Bindungsängste

Warum totale Gewissheit keine gute Voraussetzung 
für den Glauben ist.

Ein guter Freund von mir, den ich schon viele Jahre aus einer christlichen Jugendgruppe kenne, steckt gerade mitten in einer echten Glaubenskrise. Ausgelöst durch verschiedene Lebensumstände sind bei ihm plötzlich Zweifel auf allen Ebenen aufgetaucht, bis hin zur grundlegenden Infragestellung der Existenz Gottes. In einem Gespräch erzählte er mir, wie er auf der Suche nach den besten Argumenten auch atheistische Talkshows und islamische Predigtvideos angeschaut hatte. «Weisst du, wenn ich schon alles auf eine Karte setze und mich für den christlichen Glauben entscheide, dann möchte ich auch ganz sicher sein, dass er stimmt.»

«Ich möchte ganz sicher sein»

Auf den ersten Blick kann ich diese Einstellung vollends teilen. Aus philosophischer Sicht habe ich die volle Überzeugung, dass der christliche Glaube wie keine andere Religion mit der Vernunft ergründet und erfasst werden kann. Oder wie es die grosse Denkerin und Ordensfrau Edith Stein einst formulierte: «Wer die Wahrheit sucht, der sucht Gott, ob es ihm klar ist oder nicht.» Aus dieser Einstellung heraus beunruhigt mich ehrlicher Zweifel keine Sekunde.

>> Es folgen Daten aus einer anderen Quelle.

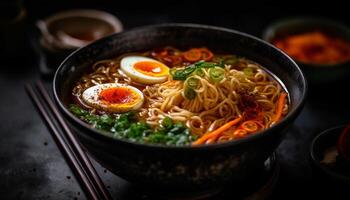 gourmet ramen nouilles dans une fumant bol généré par ai photo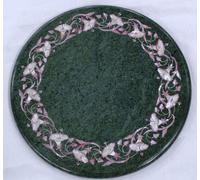 12 " Verde Marmo Lato Table Top ad Intarsio Pietre Semi Preziose Artigianato
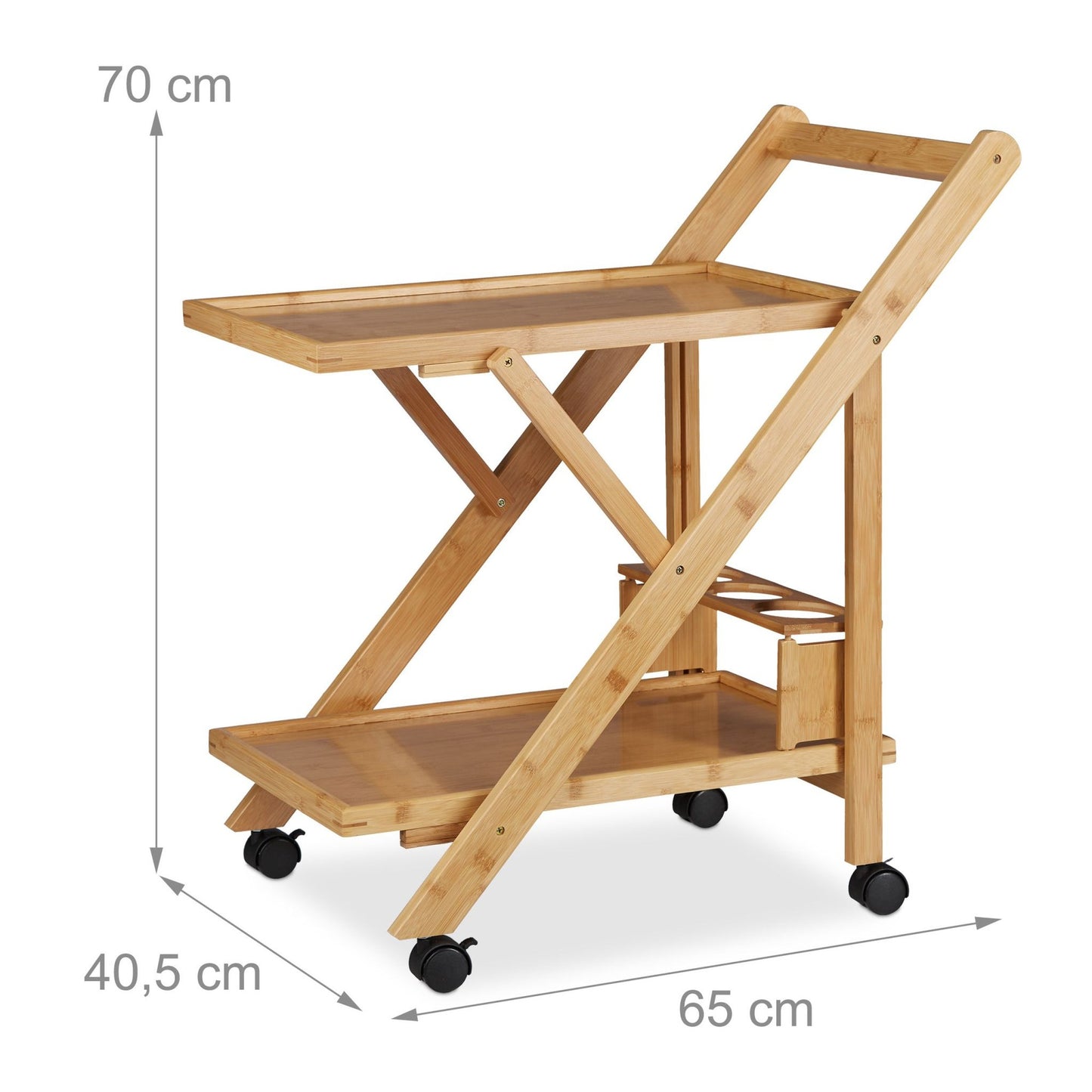 Bamboo kitchen trolley with 2 shelves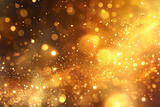 Abstract golden twinkle background, blurry bokeh light dots overlay
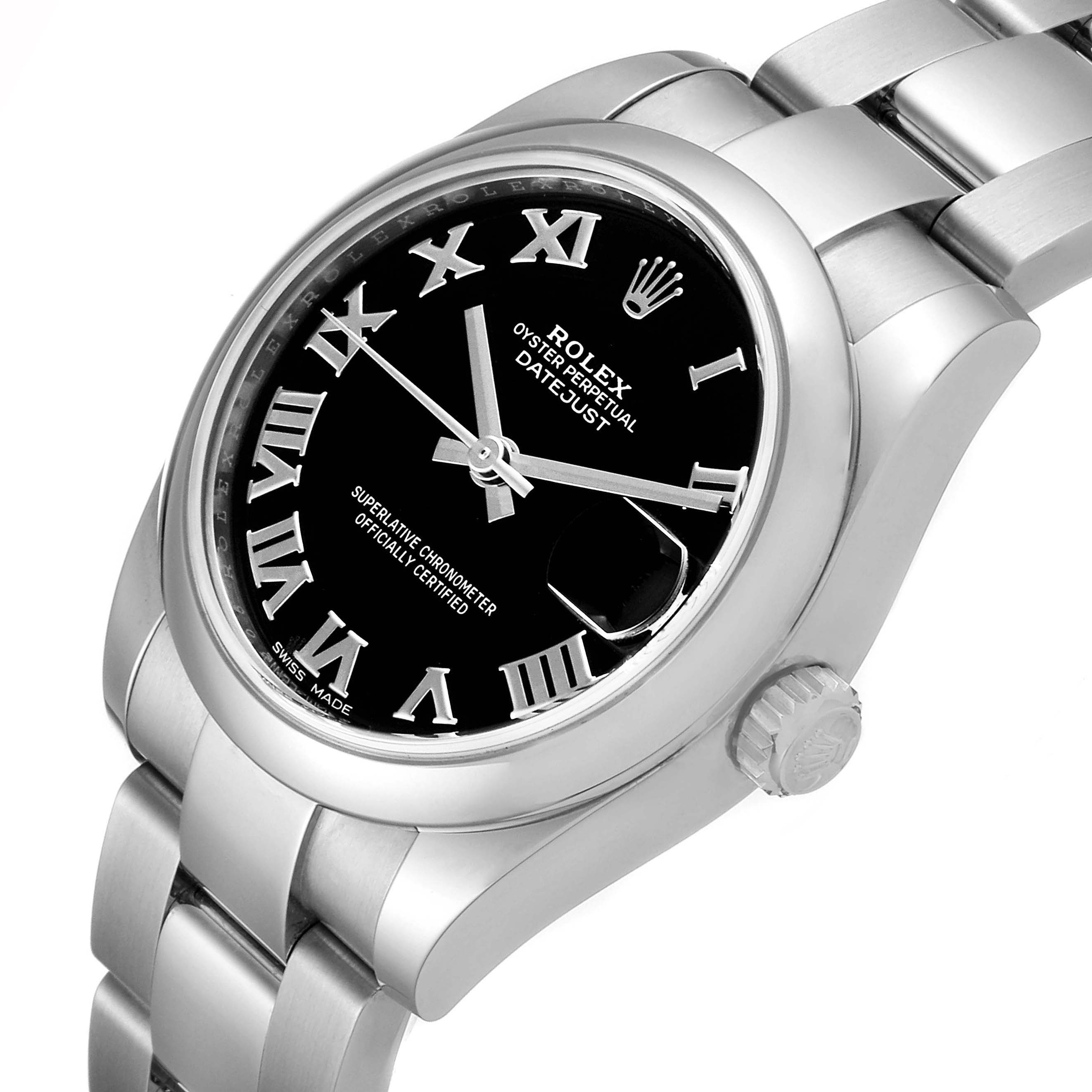 The Rolex Mid-Size 178240 Women's Stainless Steel Black Dial 178240 Women's Stainless Steel Black Dial Datejust watch is shown from a slightly angled side view, highlighting its dial, bezel, crown, and part of its bracelet.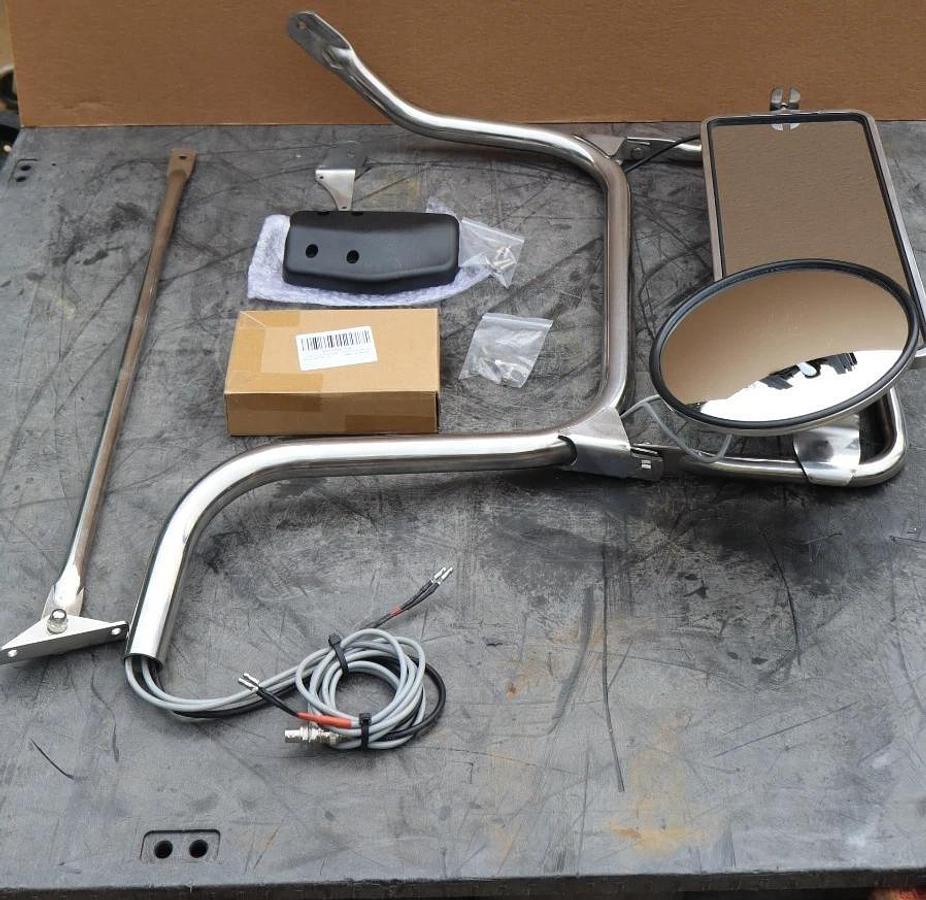 Right Hand Semi Truck Wired Mirror Assembly Cab Door RH Passenger Side (NEW)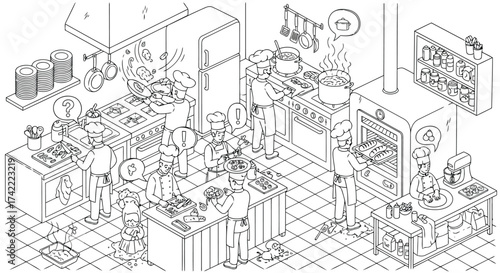 Busy restaurant kitchen with chefs and equipment in action vector design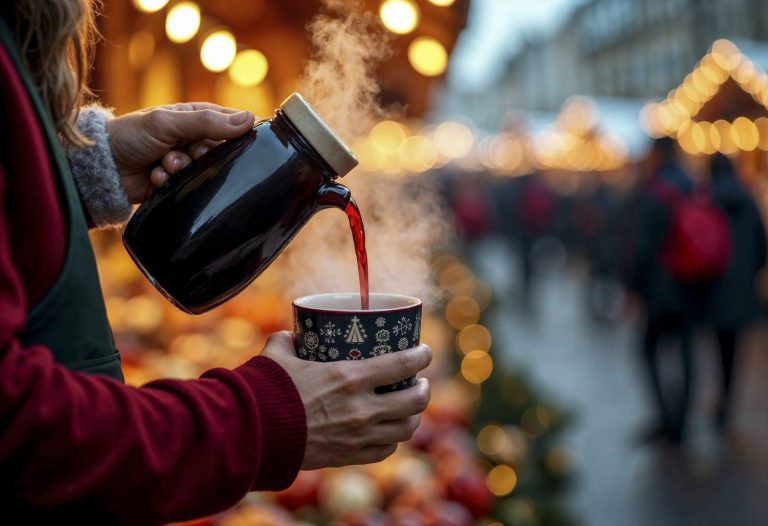 European Christmas market at night with lit food and drink stalls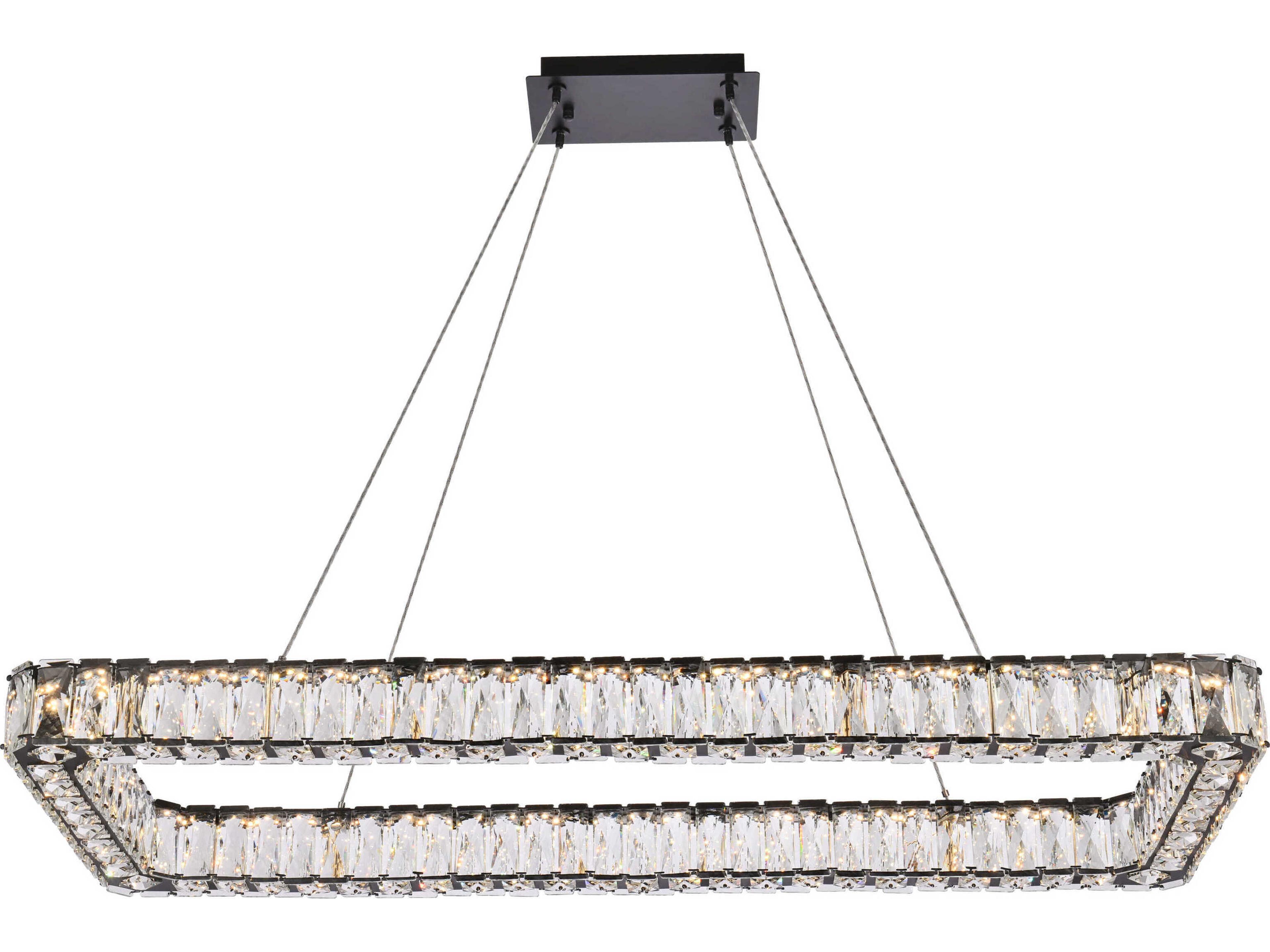 Monroe 1-Light Black Crystal LED Linear Island Pendant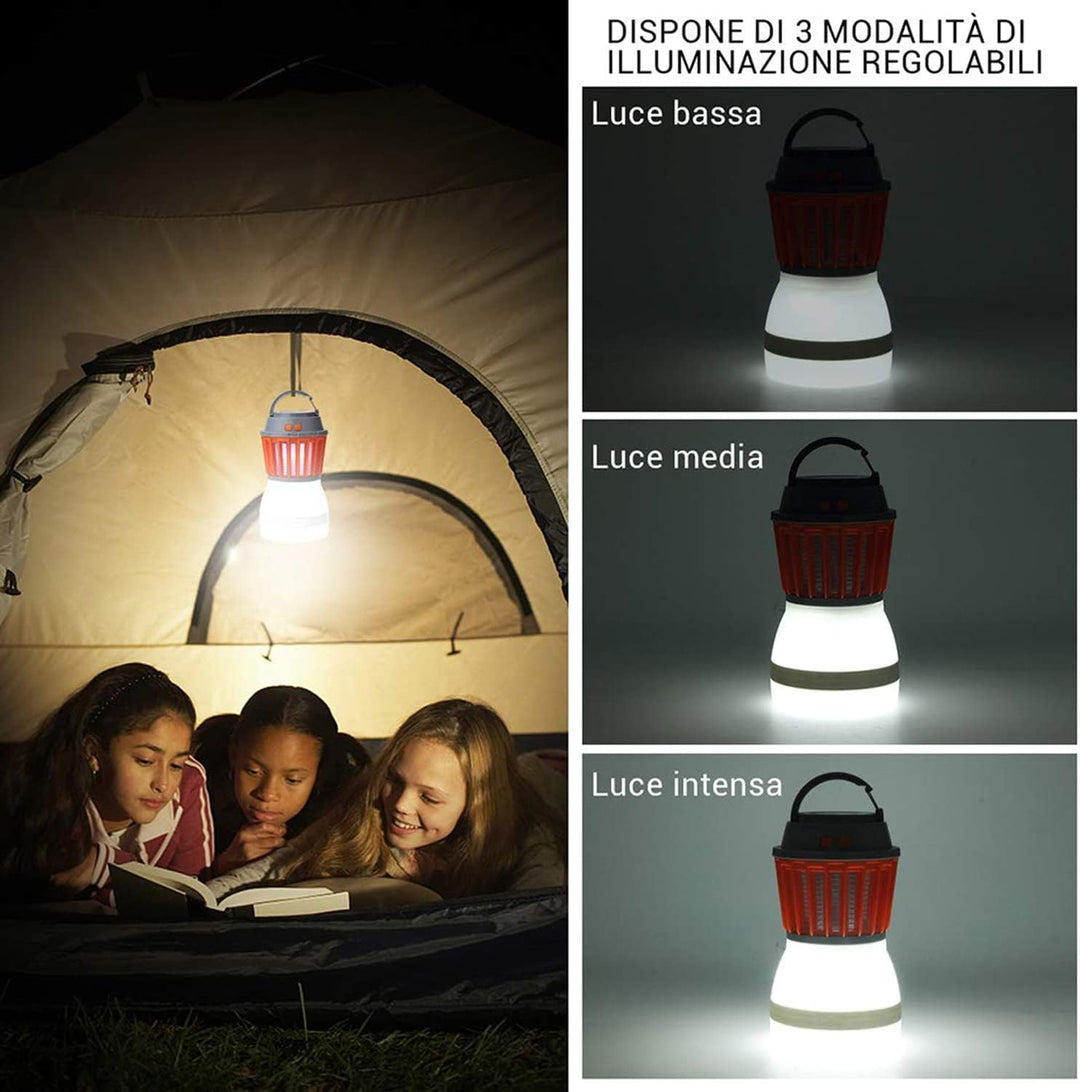 BowLift | Solar LED Mosquito Lamp with Integrated Lantern – Effective Insect Protection and Lighting for Garden and Camping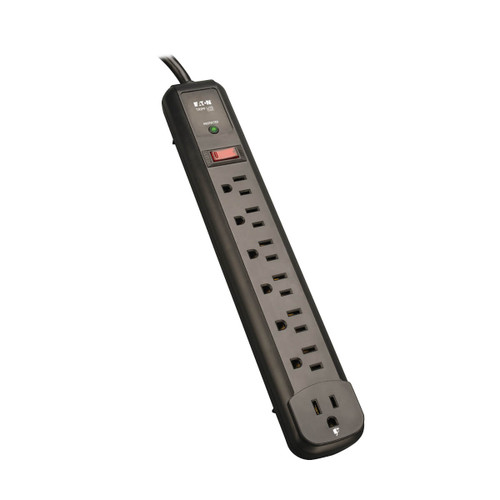 Eaton Tripp Lite TLP74RB 1080 Joules 7-Outlet Surge Protector | 6 Right-Angle Outlets, 4 ft Cord, Black | TLP74RB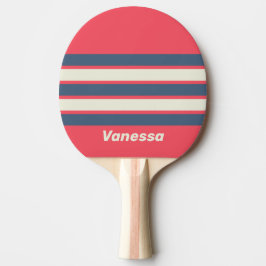 Retro Beach Club tvärs över randigt med namn Pingisracket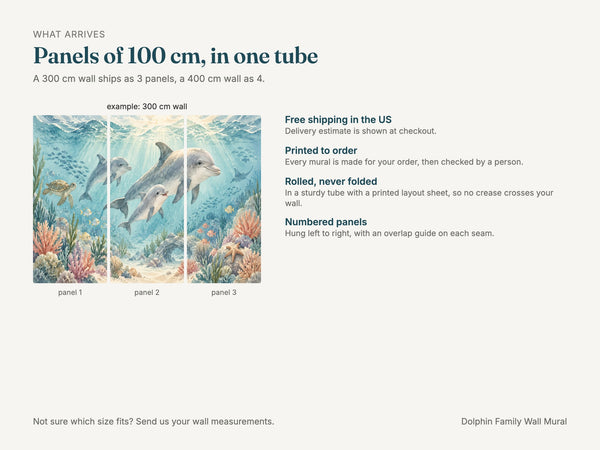 Watercolor Dolphin Family Ocean Wall Mural, image 8
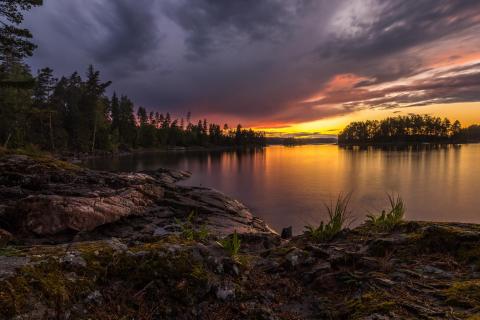Sonnenuntergang am Foxensee, Schweden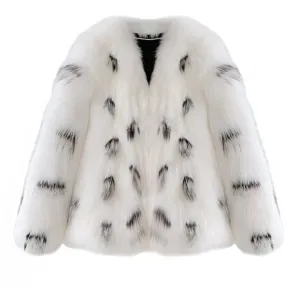 Black Spotted Faux Fur Coat
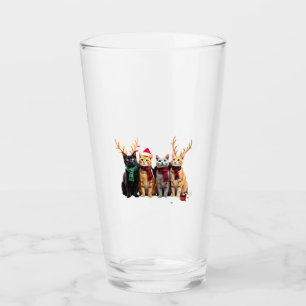 Cat Christmas Light Reindeer Santa Christmas Cat L Glass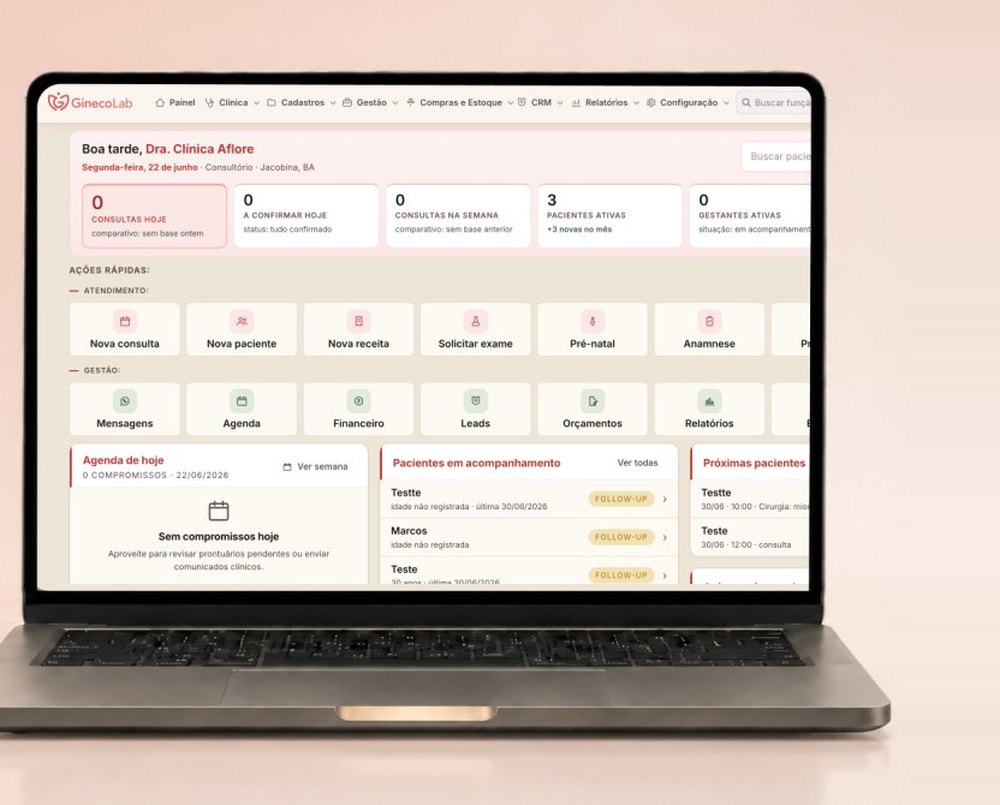 Painel do GinecoLab: consultas do dia, ações rápidas de atendimento e pacientes em acompanhamento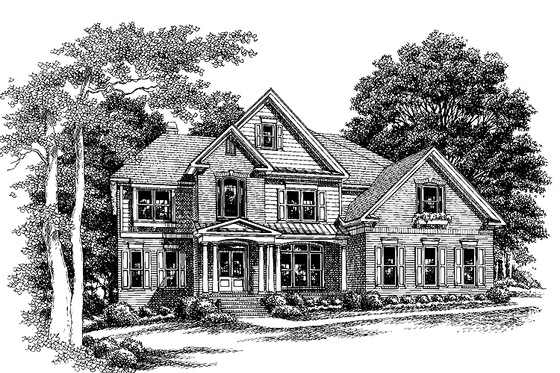 Exterior - Front Elevation 3 for Country House Plan #927-826 - 4 bed, 3.5 bath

In der Aussage meines Freundes entdeckte ich aber eine Problematik, welche mir in meinem stark vernunftsgeprägten Glaubensbild bislang noch nicht bewusst war. Wenn wir unseren Glauben auf handfeste Beweise und starke Argumente gründen möchten, ist das zwar eine gute Sache. Aber wenn wir dafür die totale Gewissheit voraussetzen, dann vergessen wir, dass unser Glaube an Gott eine Beziehung ist.

Kontrolle zerstört das Vertrauen

«Es prüfe, wer sich ewig bindet», heisst es und dies dürfte angesichts der hohen Scheidungsquote durchaus etwas ernster genommen werden. Die Frage bleibt jedoch, wann die Prüfung abgeschlossen ist. Wie viel muss ich wissen, damit ich mir sicher sein kann, dass der Ehepartner hält, was er verspricht? Als frisch Verheirateter kann ich sagen, dass ich die totale Sicherheit nie erreicht hatte und auch nicht erreichen wollte. «Vertrauen ist gut, Kontrolle ist besser» – wer in einer Beziehung an diesem Punkt angelangt ist, hat ein Problem. Wenn wir unsere Entscheidung für eine andere Person allein auf erwiesenen Fakten abstützen möchten, erkaltet jede lebendige Beziehung.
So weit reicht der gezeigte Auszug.